M01.05.022 Tracheobronchial Tree

Learning Objective:

Understand the structure, anatomical position, neurovascular supply, and clinical relevance of the trachea, bronchi, and bronchioles.


The Tracheobronchial Tree

The trachea, bronchi, and bronchioles form the tracheobronchial tree – a system of airways that allow passage of air into the lungs, where gas exchange occurs. These airways are located in the neck and thorax.

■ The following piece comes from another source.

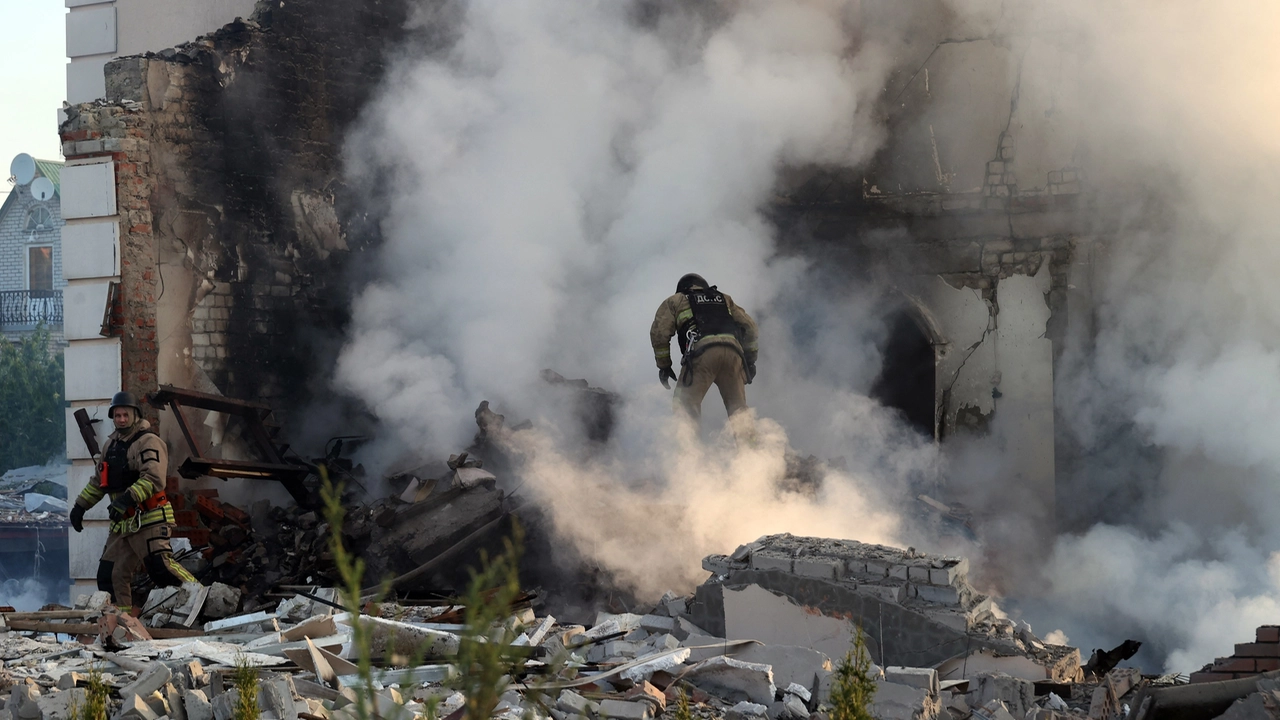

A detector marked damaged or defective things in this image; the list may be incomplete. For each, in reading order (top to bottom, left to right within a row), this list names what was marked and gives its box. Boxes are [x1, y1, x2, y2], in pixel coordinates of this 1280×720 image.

broken concrete slab [686, 653, 773, 702]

This article outlines their anatomical position, structure, neurovascular supply, and clinical relevance.


The Trachea

Anatomical Position

The trachea arises at the lower border of the cricoid cartilage. It descends into the superior mediastinum, bifurcating at the level of the sternal angle to form the right and left main bronchi. It lies anterior to the oesophagus and inclines slightly to the right.

Structure

The trachea is supported by C-shaped cartilage rings, with free ends bridged by the trachealis muscle. It is lined by ciliated pseudostratified columnar epithelium with goblet cells forming the mucociliary escalator, which traps and removes particles.

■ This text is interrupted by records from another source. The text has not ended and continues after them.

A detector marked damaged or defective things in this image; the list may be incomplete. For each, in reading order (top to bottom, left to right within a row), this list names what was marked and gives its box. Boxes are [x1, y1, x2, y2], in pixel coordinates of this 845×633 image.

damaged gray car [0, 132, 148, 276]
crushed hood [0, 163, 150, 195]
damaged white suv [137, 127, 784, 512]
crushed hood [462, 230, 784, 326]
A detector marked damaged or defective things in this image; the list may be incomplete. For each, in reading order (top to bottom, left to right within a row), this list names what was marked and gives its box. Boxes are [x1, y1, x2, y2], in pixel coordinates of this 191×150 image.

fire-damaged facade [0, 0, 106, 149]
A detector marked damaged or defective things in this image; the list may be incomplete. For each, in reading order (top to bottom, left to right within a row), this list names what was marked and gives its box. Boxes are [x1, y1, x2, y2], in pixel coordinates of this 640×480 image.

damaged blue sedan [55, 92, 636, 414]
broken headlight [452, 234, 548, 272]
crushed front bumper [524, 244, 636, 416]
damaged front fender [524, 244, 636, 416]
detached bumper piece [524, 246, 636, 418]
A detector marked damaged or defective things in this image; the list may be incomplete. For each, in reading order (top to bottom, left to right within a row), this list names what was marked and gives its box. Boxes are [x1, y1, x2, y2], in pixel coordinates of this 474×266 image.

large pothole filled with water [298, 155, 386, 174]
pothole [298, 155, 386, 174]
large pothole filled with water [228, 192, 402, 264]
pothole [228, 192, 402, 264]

The carina, at the bifurcation of the trachea, is the most sensitive area for triggering the cough reflex.

Neurovascular Supply

Sensory innervation: recurrent laryngeal nerve
Arterial supply: tracheal branches of the inferior thyroid artery
Venous drainage: brachiocephalic, azygos, and accessory hemiazygos veins


Activity


Bronchi

Structure

At the sternal angle, the trachea bifurcates into the right and left main bronchi, which branch into secondary (lobar) bronchi and tertiary (segmental) bronchi. A segmental bronchus supplies each bronchopulmonary segment – the functional unit of the lungs.

The right main bronchus is wider, shorter, and more vertical than the left, predisposing to foreign body inhalation.

Neurovascular Supply

Innervation: pulmonary branches of the vagus nerve (CN X)
Arterial supply: bronchial arteries
Venous drainage: bronchial veins


Activity


Bronchioles

Structure

The smallest airways, bronchioles, lack cartilage and goblet cells. Club cells produce surfactant to prevent airway collapse.

Conducting bronchioles transport air; terminal bronchioles branch into respiratory bronchioles with alveoli – the site of gas exchange. Adults have ~300 million alveoli.


Clinical Correlations: Asthma

Asthma is a chronic inflammatory disorder causing airway hypersensitivity, reversible obstruction, and bronchospasm.

  • Small airway remodelling includes thickened smooth muscle, damaged epithelium, and thickened basement membrane.
  • Acute “asthma attacks” are triggered by allergens, exercise, or irritants, causing bronchospasm and difficulty breathing with wheezing.